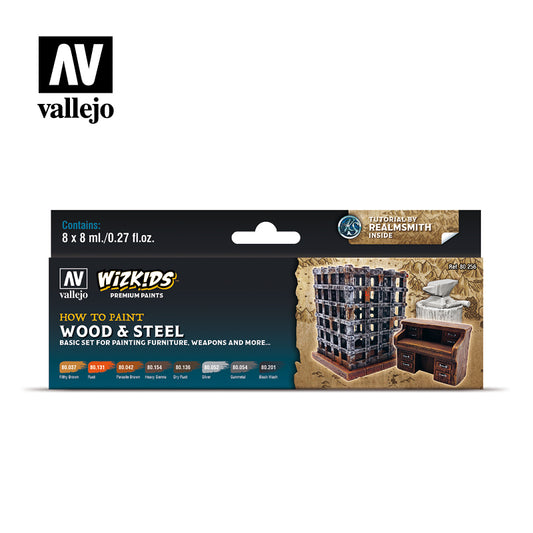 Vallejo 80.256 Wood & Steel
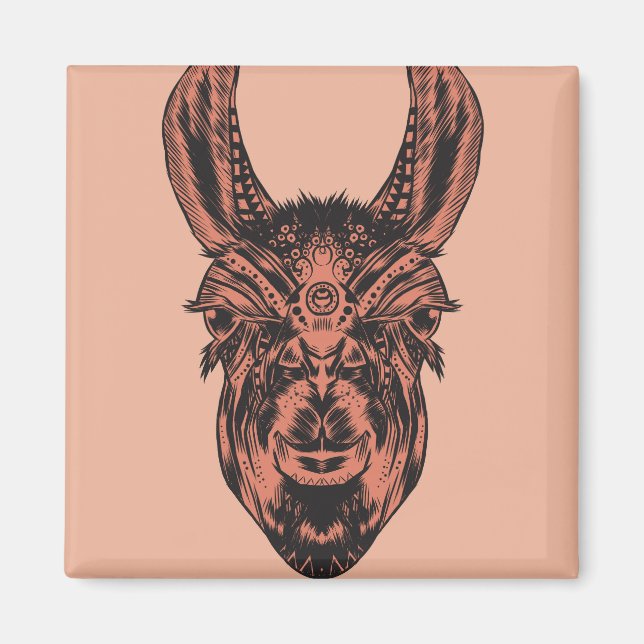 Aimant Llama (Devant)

——————————

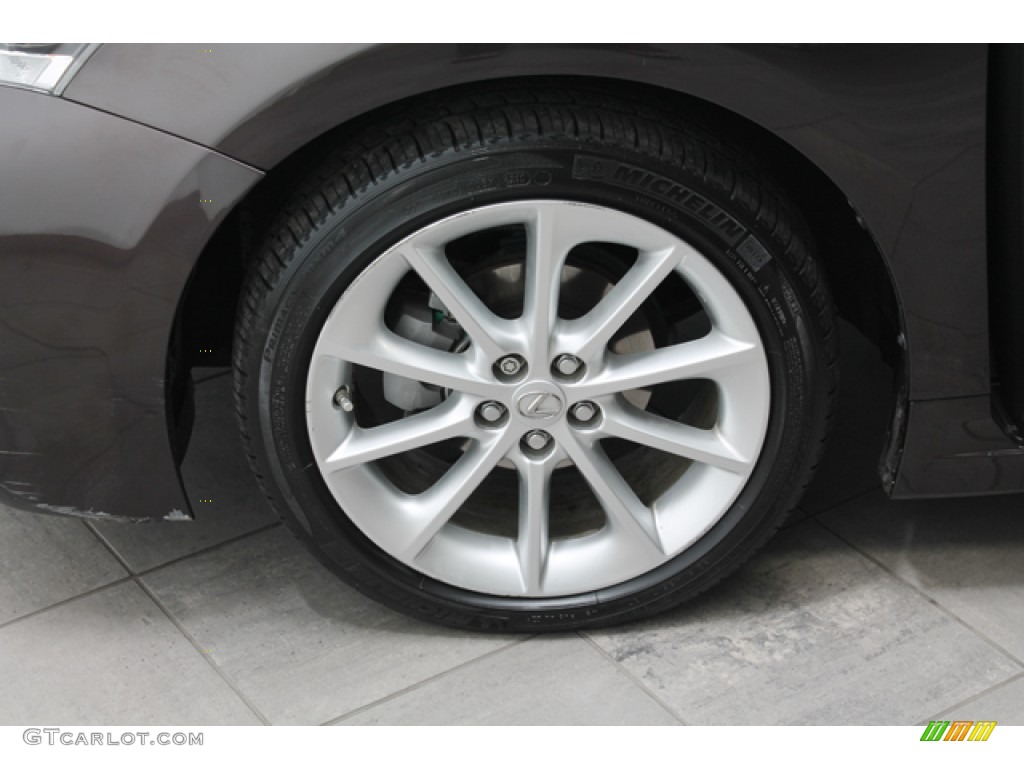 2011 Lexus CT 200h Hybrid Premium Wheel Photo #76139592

——————————

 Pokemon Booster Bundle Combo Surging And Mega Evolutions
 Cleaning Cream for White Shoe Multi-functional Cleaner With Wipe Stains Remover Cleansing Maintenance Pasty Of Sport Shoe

——————————

Nothing should appear in the answer except the lines above from the line with "Pokemon Booster Bundle" through the line with "Cleaning Cream for", both included, written out exactly.

• **Task response**
 Pokemon Booster Bundle Combo Surging And Mega Evolutions
 Cleaning Cream for White Shoe Multi-functional Cleaner With Wipe Stains Remover Cleansing Maintenance Pasty Of Sport Shoe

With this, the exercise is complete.